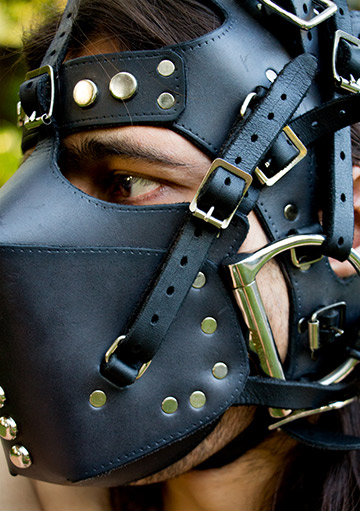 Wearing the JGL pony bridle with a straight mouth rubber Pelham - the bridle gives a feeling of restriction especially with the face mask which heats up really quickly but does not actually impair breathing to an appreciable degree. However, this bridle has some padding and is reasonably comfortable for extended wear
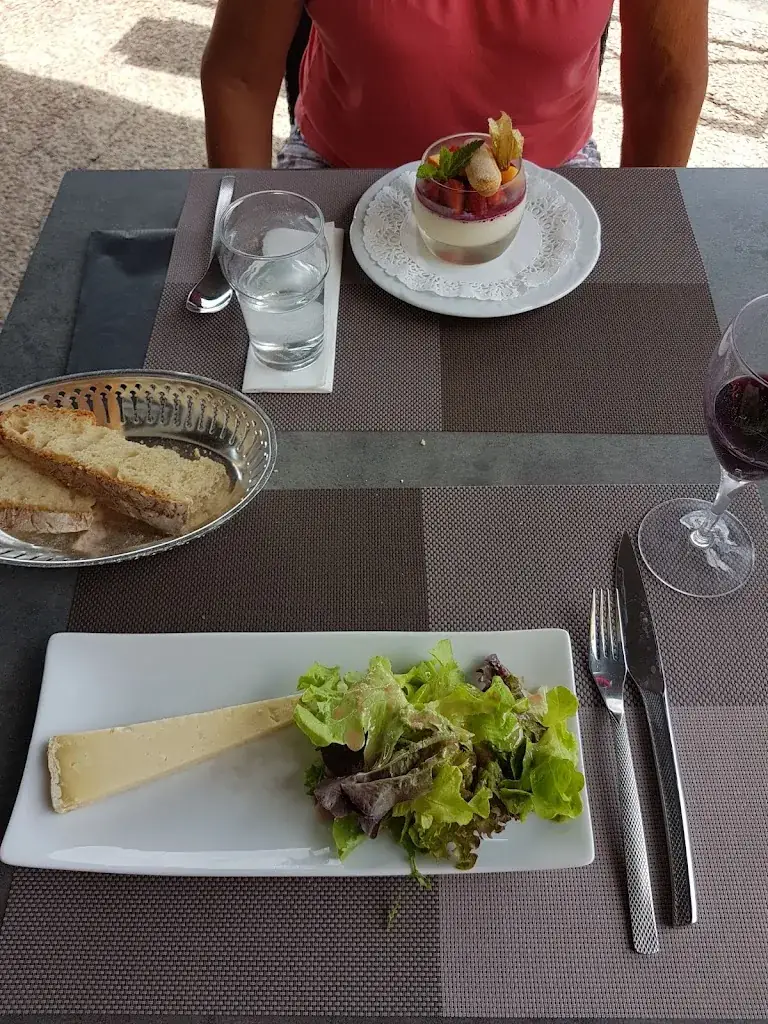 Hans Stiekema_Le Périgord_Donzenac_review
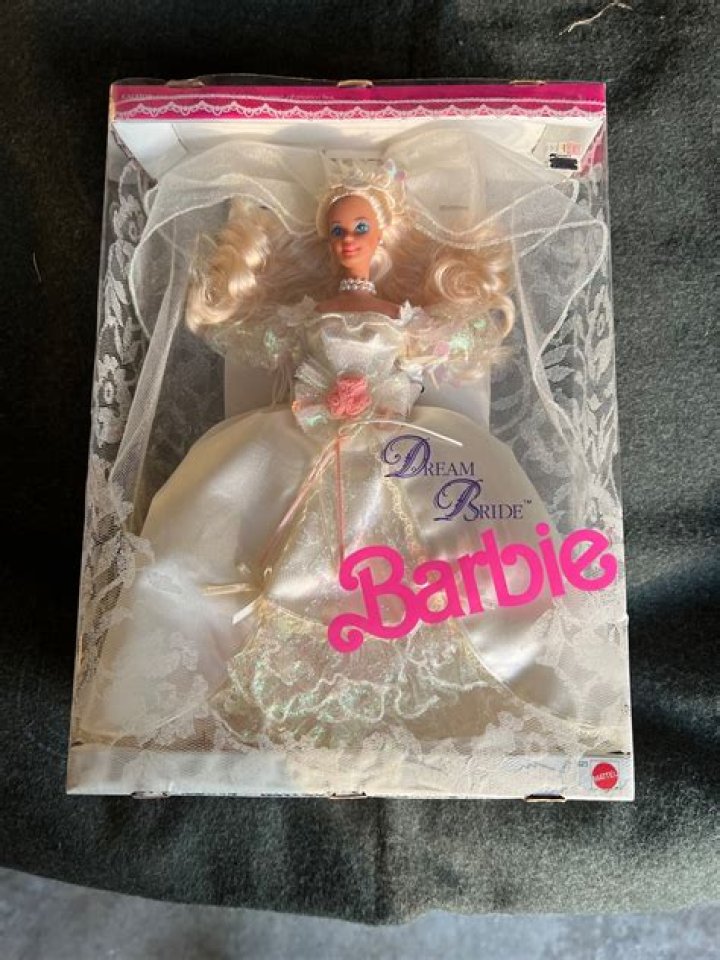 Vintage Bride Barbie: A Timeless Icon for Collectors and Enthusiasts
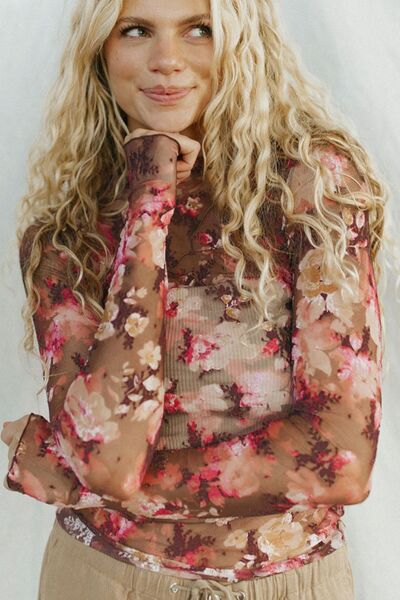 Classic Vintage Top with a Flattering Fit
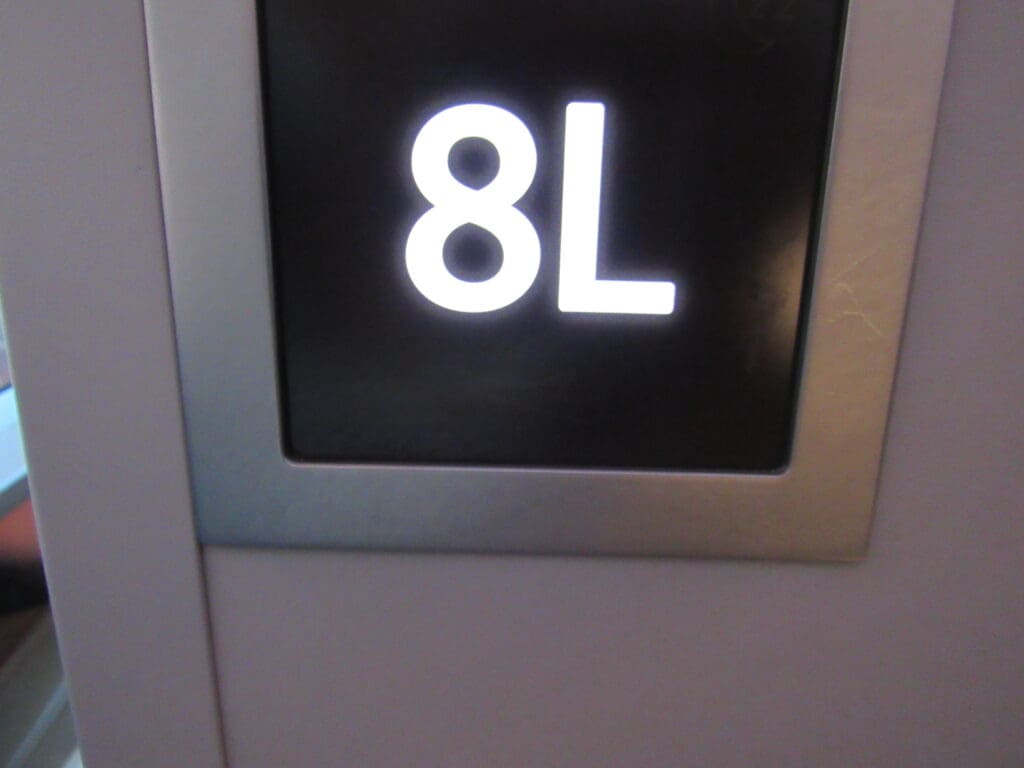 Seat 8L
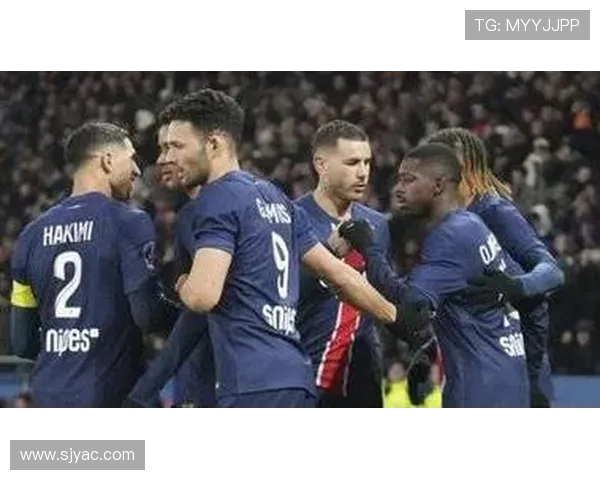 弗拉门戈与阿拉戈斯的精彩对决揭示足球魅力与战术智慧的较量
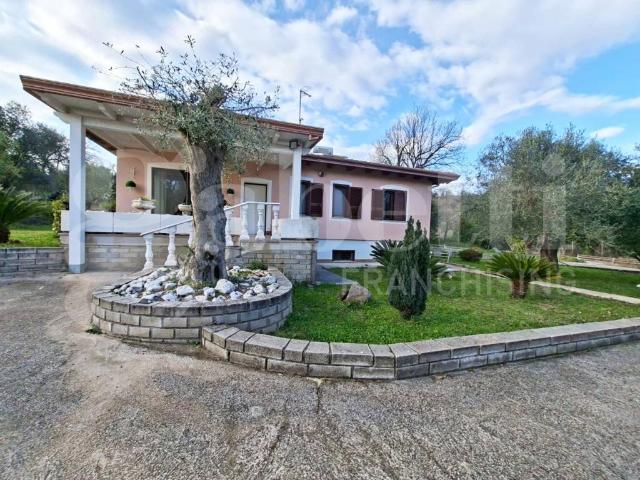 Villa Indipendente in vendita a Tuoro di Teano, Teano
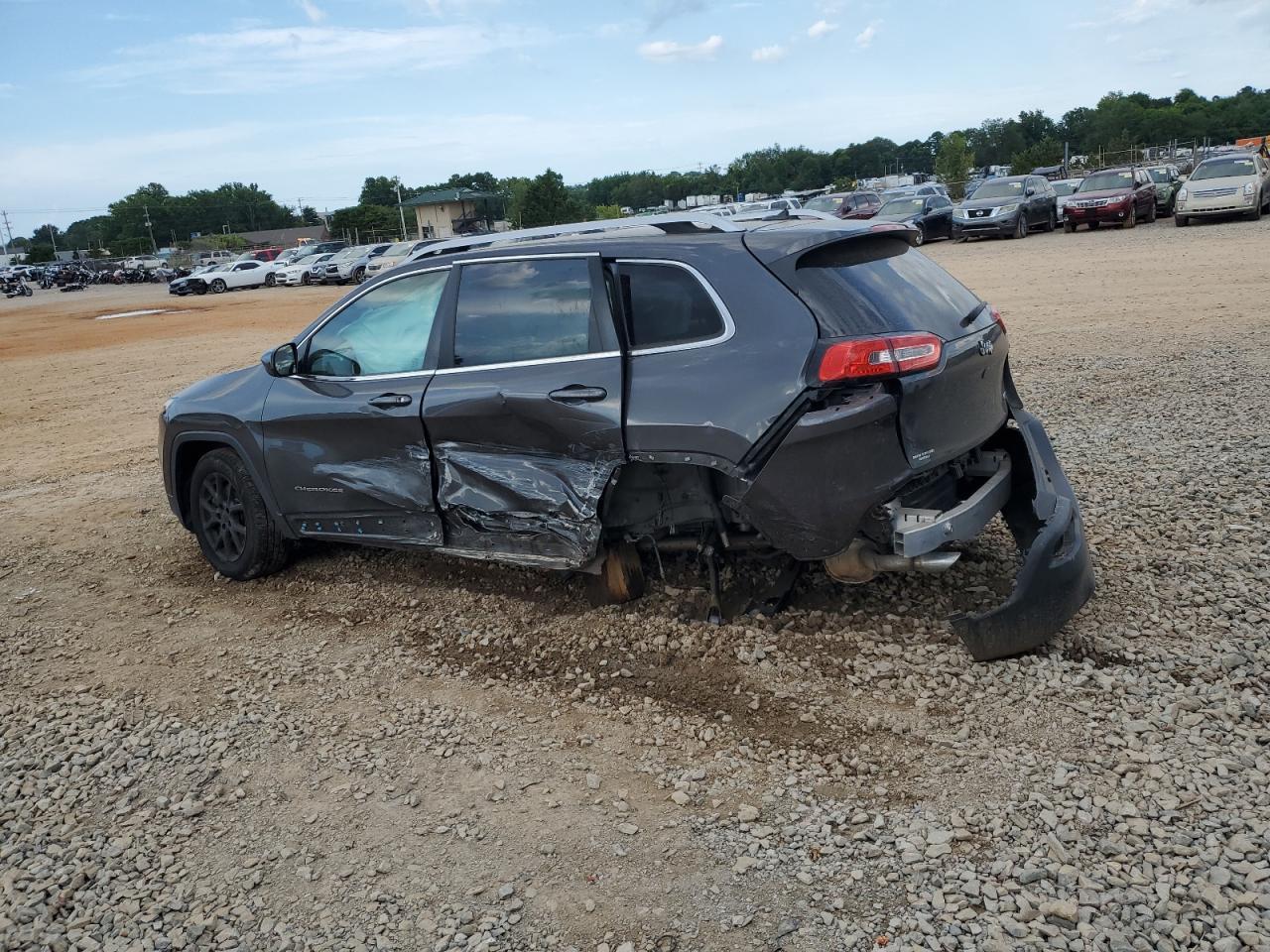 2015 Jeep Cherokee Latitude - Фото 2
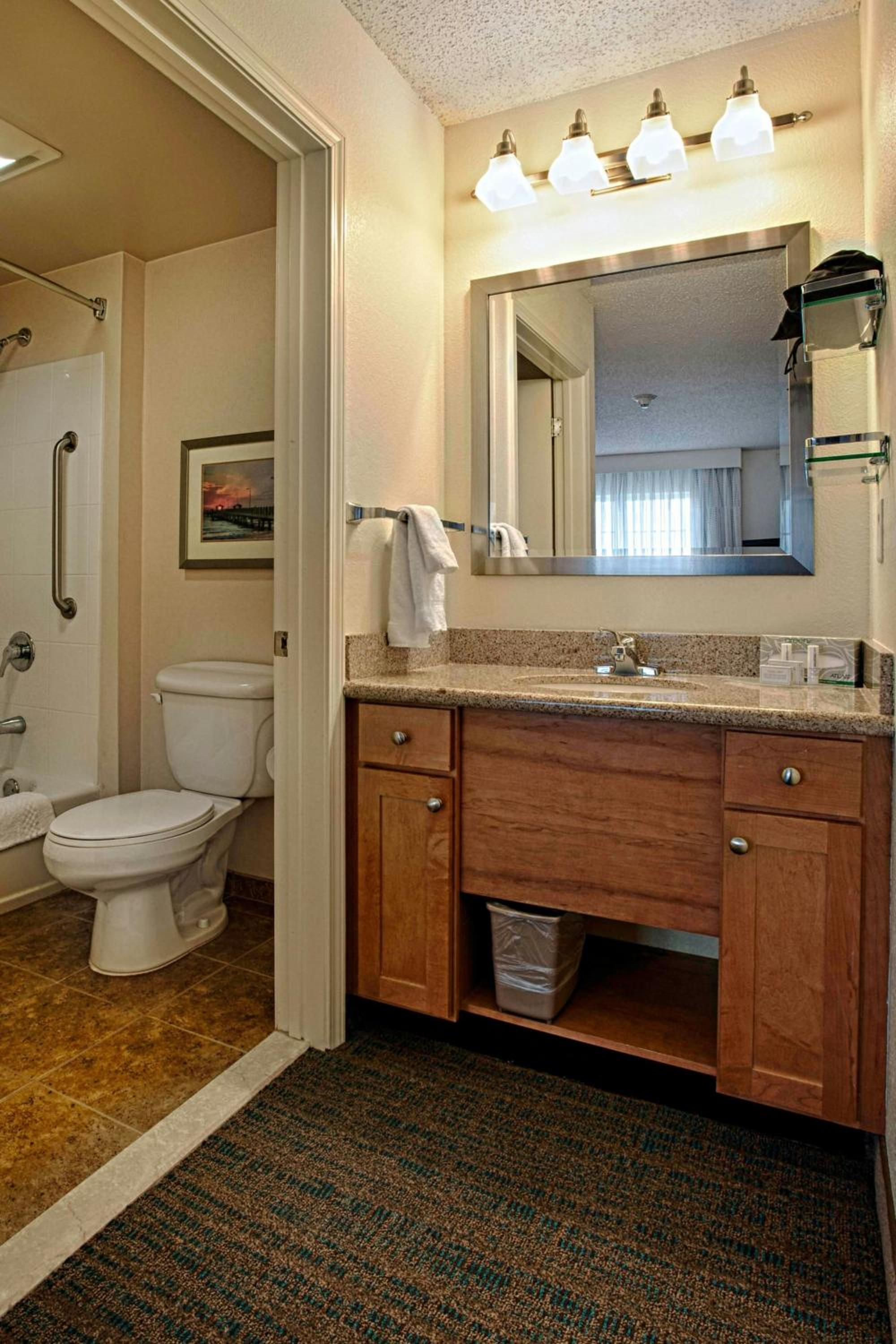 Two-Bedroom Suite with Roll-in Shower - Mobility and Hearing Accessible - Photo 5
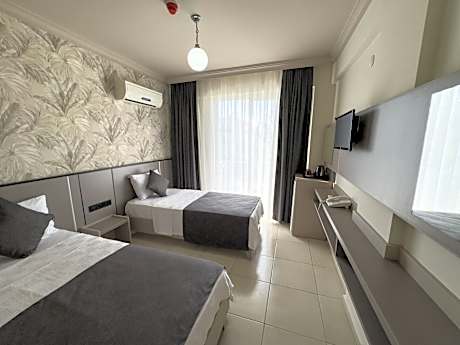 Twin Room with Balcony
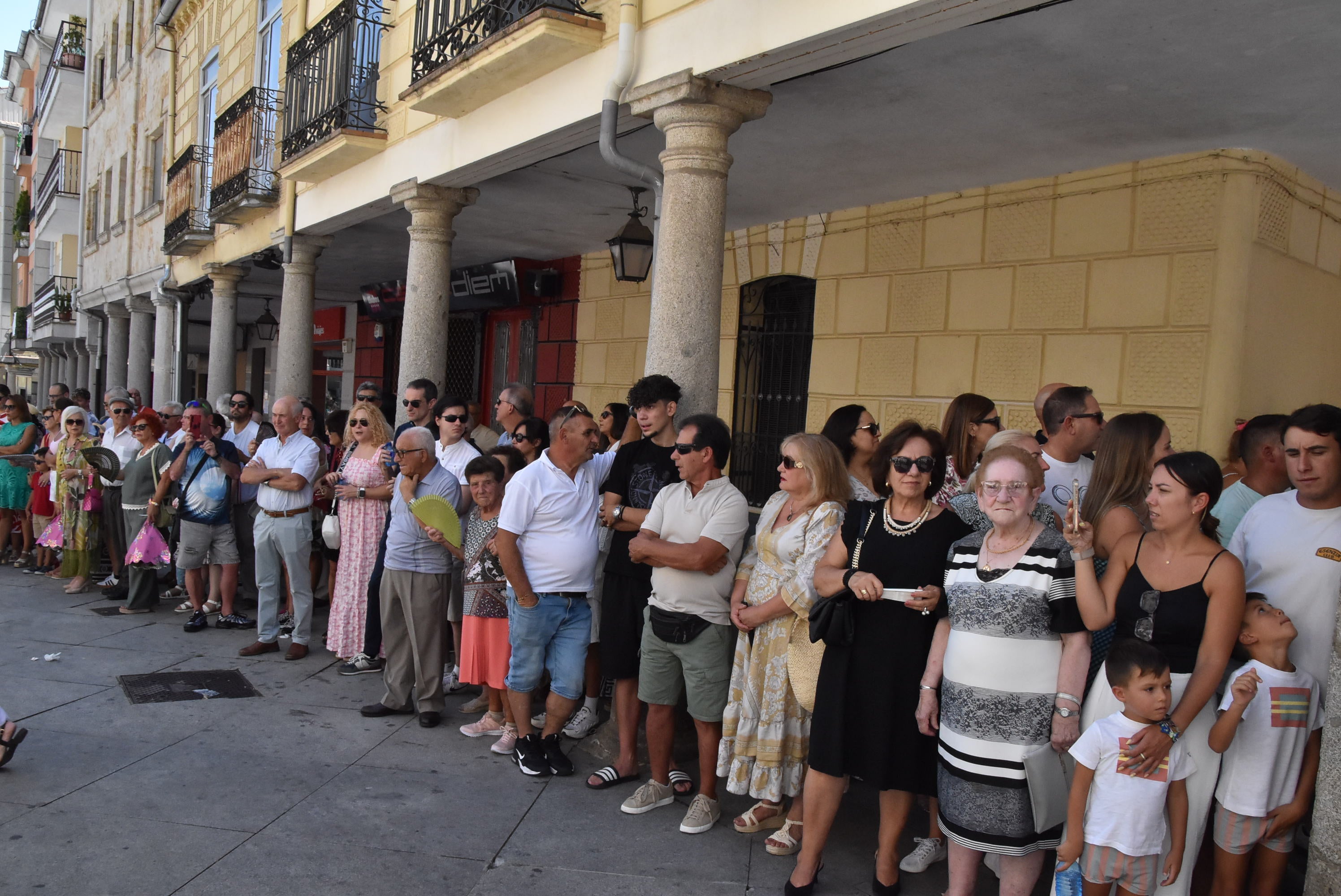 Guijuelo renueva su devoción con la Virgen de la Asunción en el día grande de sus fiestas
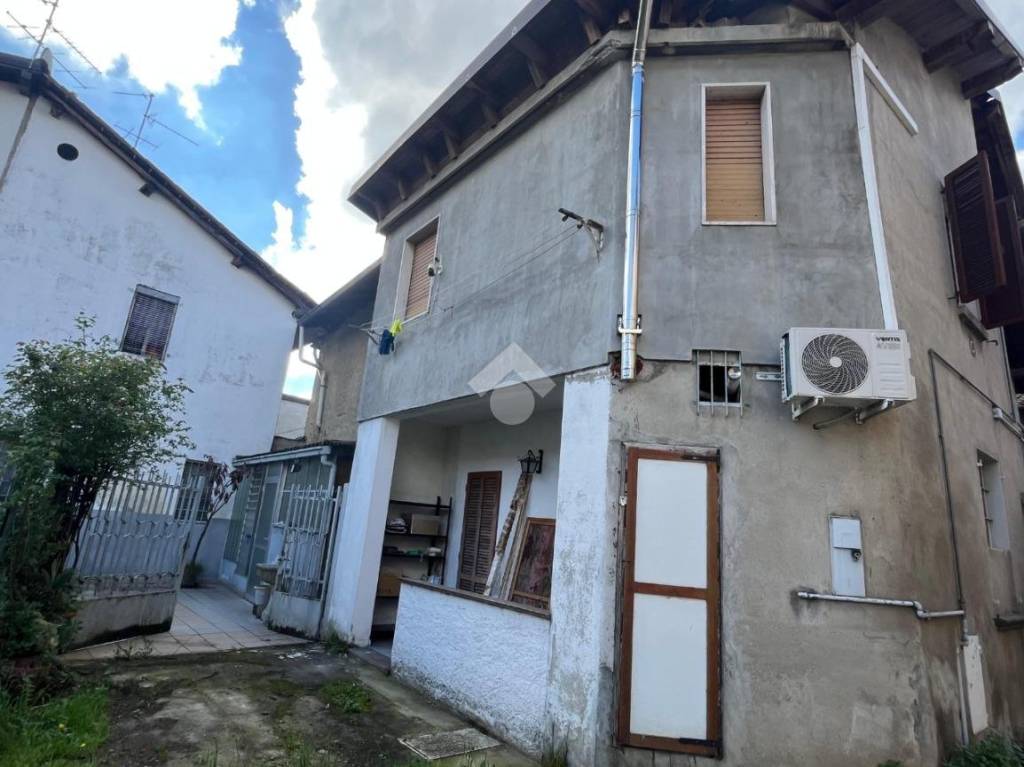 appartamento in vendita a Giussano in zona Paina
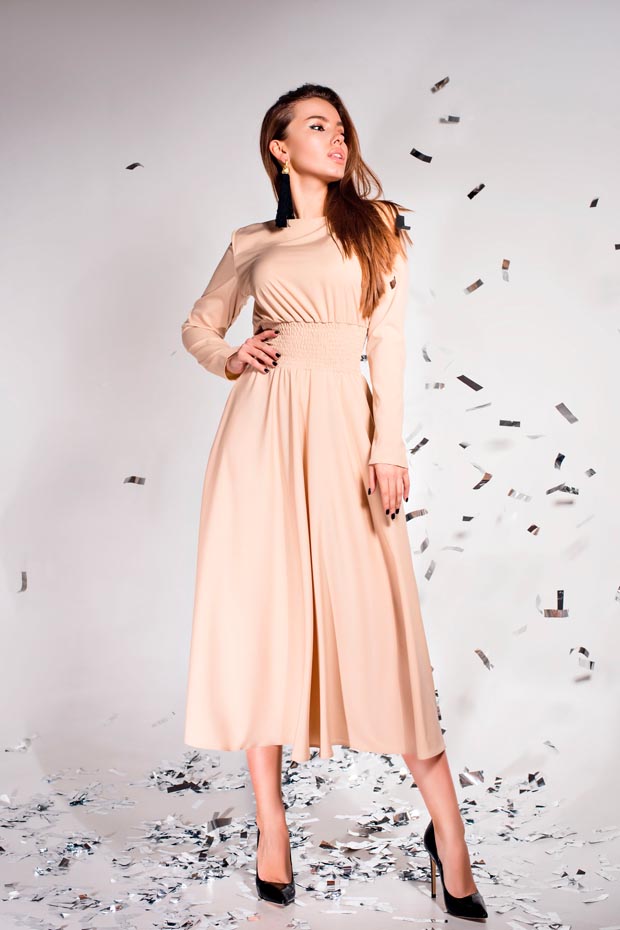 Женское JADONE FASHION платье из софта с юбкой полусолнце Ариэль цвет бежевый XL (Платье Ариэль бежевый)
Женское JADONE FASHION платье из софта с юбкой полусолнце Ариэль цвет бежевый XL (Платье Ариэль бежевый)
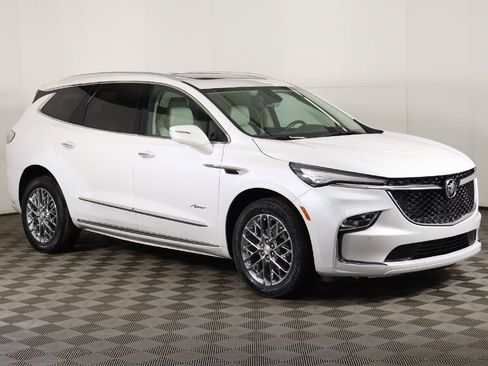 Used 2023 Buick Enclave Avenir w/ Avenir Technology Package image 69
☆ ☆ ☆ ☆ ☆ ☆ ☆
▸ TASK GOAL: From the line that holds "弗拉门戈与阿拉戈斯的精彩对决揭示足球魅力与战术智慧的较量" to the last line of the records, please copy each line exactly and nothing else. Pictures stay out.

▸ RESULT OF THE TASK:
 弗拉门戈与阿拉戈斯的精彩对决揭示足球魅力与战术智慧的较量
 Villa Indipendente in vendita a Tuoro di Teano, Teano
 2015 Jeep Cherokee Latitude - Фото 2
 Two-Bedroom Suite with Roll-in Shower - Mobility and Hearing Accessible - Photo 5
 Twin Room with Balcony
 Guijuelo renueva su devoción con la Virgen de la Asunción en el día grande de sus fiestas
 appartamento in vendita a Giussano in zona Paina
 Женское JADONE FASHION платье из софта с юбкой полусолнце Ариэль цвет бежевый XL (Платье Ариэль бежевый)
Женское JADONE FASHION платье из софта с юбкой полусолнце Ариэль цвет бежевый XL (Платье Ариэль бежевый)
 Used 2023 Buick Enclave Avenir w/ Avenir Technology Package image 69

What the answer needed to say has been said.